France has promoted and supported both financially and politically a private military campus intended to train Saudi soldiers, Amnesty International revealed in a report released in July.
The international organization stated, "that with complete impunity and in flagrant contradiction with its international commitments, France is providing arms to Saudi Arabia and the United Arab Emirates (UAE), countries engaged in the conflict in Yemen."
The rights group reminded that the United Nations has called the conflict "the world's worst humanitarian disaster."
In connection with its "silence the guns" campaign, Amnesty conducted an investigation that reveals "the way in which France goes a step further, by allowing Saudi soldiers to come and train on French soil."
Thus, the author of the report, Audrey Lebel, explains that in the arms trade "training is a lesser-known aspect, but it is indeed part of it."
The military training camp is located in Commercy in eastern France and is run by the Belgian arms manufacturer, John Cockerill.
According to the report, France is preparing to train Saudi soldiers in the handling of the latest versions of weapons, already used in the conflict in Yemen. This is "thanks to a brand new training center, located in the town of Commercy in Meuse with money from the French taxpayer, and in violation of international treaties," says Lebel.
Lebel said that the Belgian company was supposed to boost the local economy in return.
John Cockerill also benefitted from total exemption from tax and social contributions for three years, followed by partial exemption for two years, paid for by the state, Lebel said.
“The contract would also allow the company to be exempt from property tax over five years as well as employer contributions for social insurance and family allowances for three years,” she added.

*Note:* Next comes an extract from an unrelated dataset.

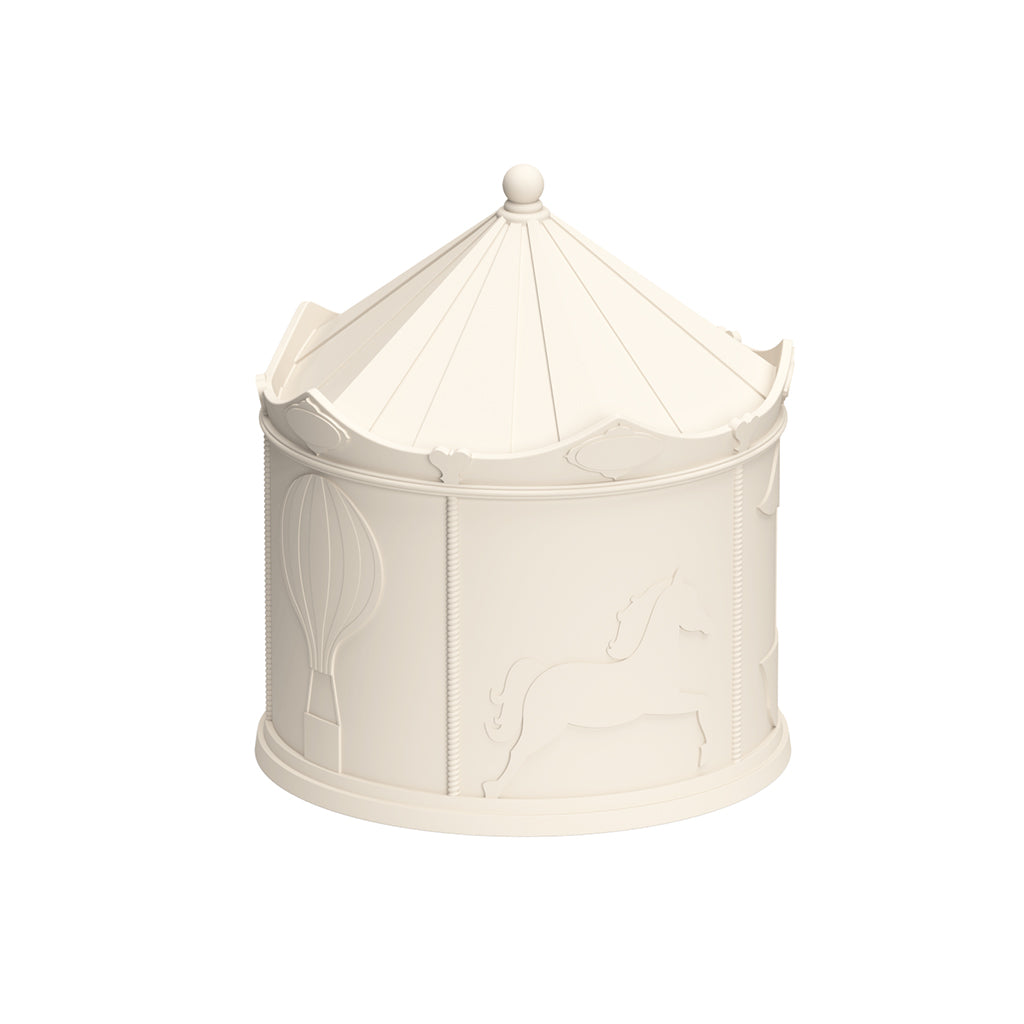 Carousel Night Light, Off-White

France, the world's third-biggest arms exporter, counts Saudi Arabia and the UAE as major clients and has resisted pressure to stop arms sales to Gulf countries. Last year, the French government confirmed that a new shipment of weapons was headed for Saudi Arabia.
Pressure had mounted on the French government after the investigative news site Disclose leaked a classified military note last April detailing the use of French tanks and artillery in the war against Houthi rebels.
Yemen has been devastated by a brutal civil war in which the Saudi-led coalition intervened in March 2015 after the Houthis ousted the internationally recognized government from power in the capital, Sanaa, in 2014. The conflict is widely seen as a proxy war between Saudi Arabia and its regional foe, Iran. More than 100,000 people have been killed, and millions are on the brink of famine, aid agencies say.
While the United Nations and international diplomatic efforts have been pushing for a political solution, the war in Yemen continues and has become more complex.